Van's Aircraft, Inc. is an American kit aircraft manufacturer, founded by Richard "Van" VanGrunsven in 1973.

Van's RV series of aircraft, from the single-seat RV-3 to the latest RV-14, are all-aluminum, low-wing monoplanes of monocoque construction. The RV series of airplanes has been extremely successful, and as of November 2019, about 10,600 RV kits had been completed and flown, and thousands more are under construction. Completion rates currently average about 1.5 per day, making the series the most numerous of all homebuilt aircraft. In 2013, the company announced it would begin selling assembled RV-12 model aircraft as well on a limited basis.

In December 2017 the company reported that its 10,000th aircraft had flown, an RV-7 built in Martinsburg, West Virginia.
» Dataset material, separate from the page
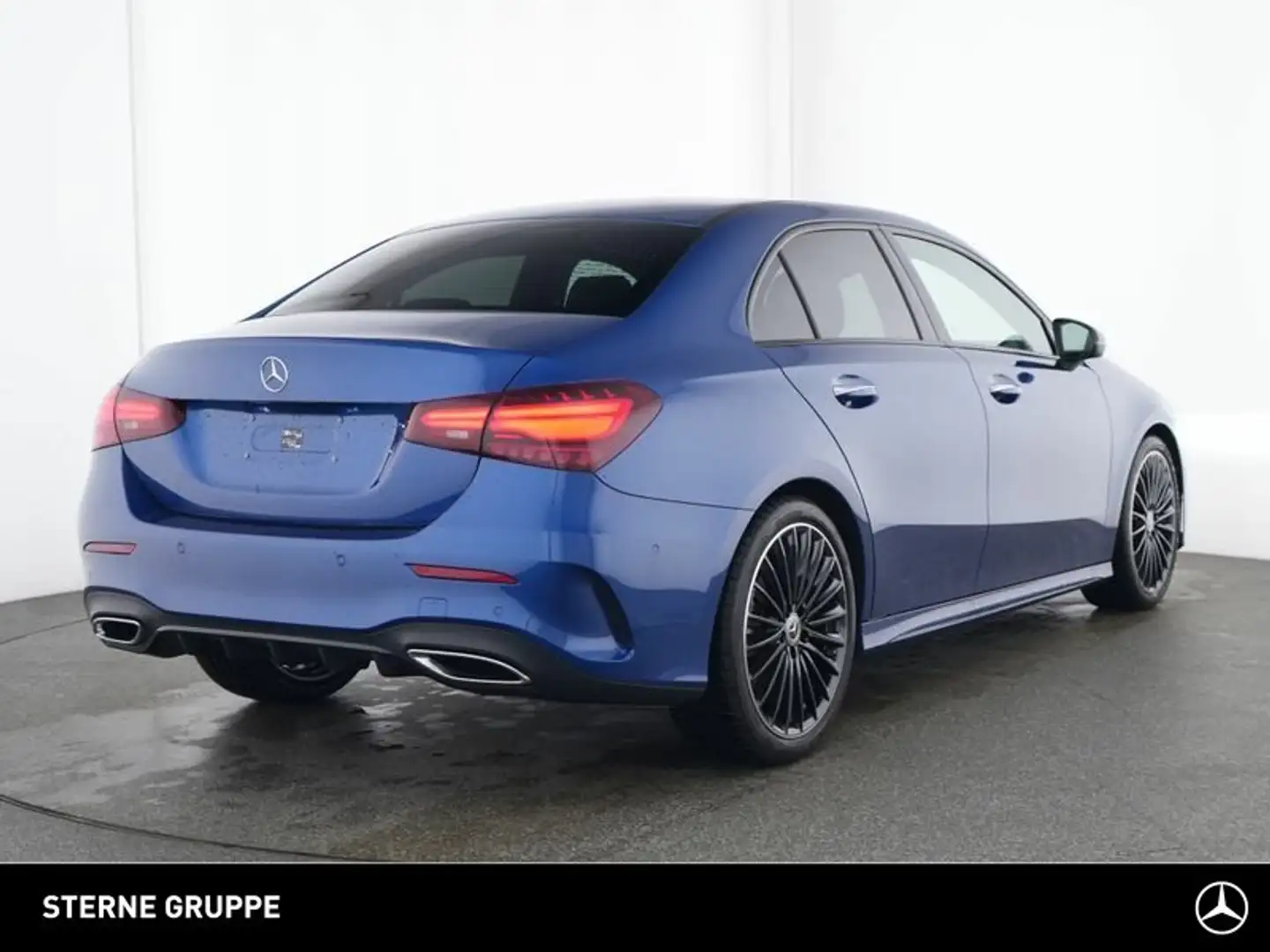 Mercedes-Benz A 180 A 180 Lim AMG Night LED Ambi Burme Kam SHZ DAB Bleu - 2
The Van's Aircraft factory is located at Aurora State Airport, Oregon.

Regulatory status

RVs are deemed Experimental Amateur Built (EAB) aircraft by the Federal Aviation Administration in the United States and are accepted under the corresponding category by the aviation authorities in many other countries, including the United Kingdom, Canada, New Zealand and Australia. A modified version of the RV-6 was sold to the Nigerian government as a kit-assembled military trainer.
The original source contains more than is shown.